Cross-Tool Compatibility
The spec format is pure markdown with YAML frontmatter. Any tool that can read and write files can use these specs:
- Claude Code: Full plugin support or skill via
npx skills add - Codex: Snippet in AGENTS.md or skill via
npx skills add - Cursor / Windsurf / Cline: Snippet in rules file
- Gemini CLI: Snippet in GEMINI.md
- Humans: Readable and editable in any text editor
- Git: Diffs cleanly, easy to track in version control
To configure another tool, run npx skills add ngvoicu/specsmith -a <tool>.
Behavioral Notes
Be proactive about spec management. If you notice the user has been working for a while and made progress, update the spec without being asked. If a session is ending, offer to pause and save context.
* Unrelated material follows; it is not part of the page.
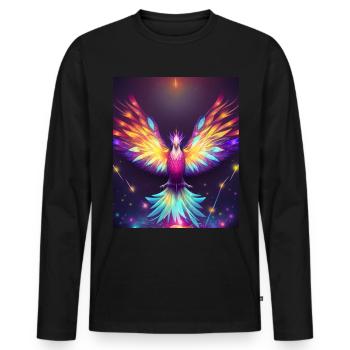 Geometric Phoenix Bird Polygon Abstract Mystical - Men's Premium Organic Long Sleeve Shirt - black - Front - Nico (187cm)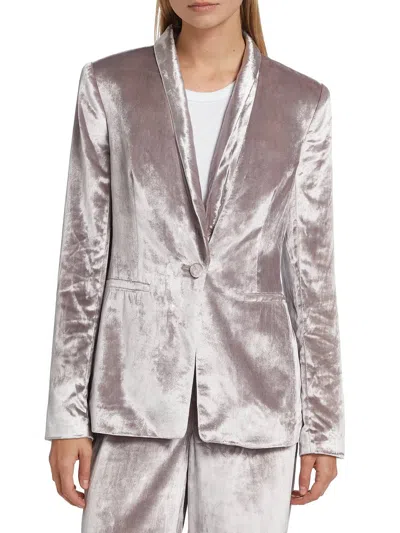 Paige Kriselle Velvet Blazer In Pewter In Silver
Specs should evolve. It's fine to add tasks, reorder phases, or split a phase into two as understanding deepens. Specs aren't contracts — they're living documents that adapt as you learn more about the problem.
The Decision Log matters. When the user makes a non-obvious technical choice (library selection, architecture pattern, API design), log it with the rationale. Future-you resuming this spec will thank present-you.
Don't over-structure. A spec with 3 phases and 15 tasks is useful. A spec with 12 phases and 80 tasks is a project plan, not a coding spec. Keep it lean enough to parse and act on in one read.
Respect the user's flow. Don't interrupt deep coding work to update the spec. Batch updates for natural pauses — task completion, phase transitions, or session boundaries.